A local bookstore and two restaurants offer rewards for student achievement and food for parent involvement sessions. Each time a parent reports that a child has read five books, the student receives a coupon redeemable for one book at the participating bookstore. McDonald's and a local pizza place also offer coupons. The Kiwanis Club provides child care during the parent meetings.
- Professional environment. The summer school staff consists mainly of trained professionals who work on an extended contract. Staff development for the summer school consists of one full day of training with one and a half days allotted for setting up and planning. After a training session introduced teachers and aides to "multiple intelligences" research and theories, teachers were encouraged to use the theories to assess each student's strengths and find ways to build on them. Staff usually receive one and a half hours a day to plan, organize, and assess their daily activities.
- Funding. The summer program's $35,850 budget comes entirely from the Beaverton Title I program. The per-pupil expenditure is about $652. District buses provide transportation, but Title I funds pay for their use. The Beaverton school district supplies the site, within an already-existing summer school; it also offers copying privileges and some administrative support. Beaverton does not have a Title I program for private school students during the regular term.

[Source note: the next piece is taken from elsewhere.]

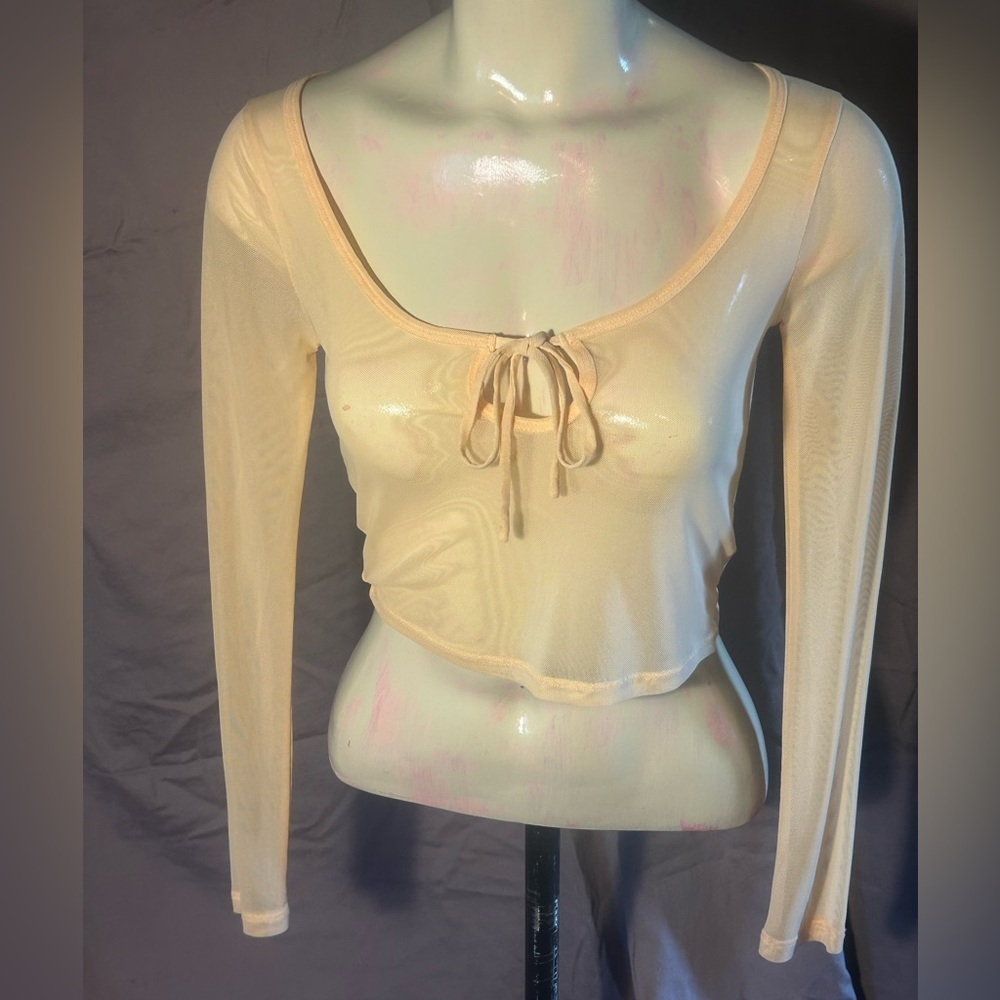 PacSun Peach Sheer Long Sleeve Blouse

- Assessment and accountability. Teachers use frequent portfolio assessments to encourage students to review their own work critically and observe progress made over the course of the summer. The program uses a "Reading Miscue Inventory" to provide pre- and post-test results that measure student progress. Students show consistent gains in use of effective reading strategies such as backtracking (re-reading difficult passages), making meaningful substitutions, and self-correcting. Results from student self-assessments also indicate that students' perceptions of themselves as learners are enhanced by the summer school experience. Anecdotal information from principals and teachers indicates that the program improves student performance and self-esteem.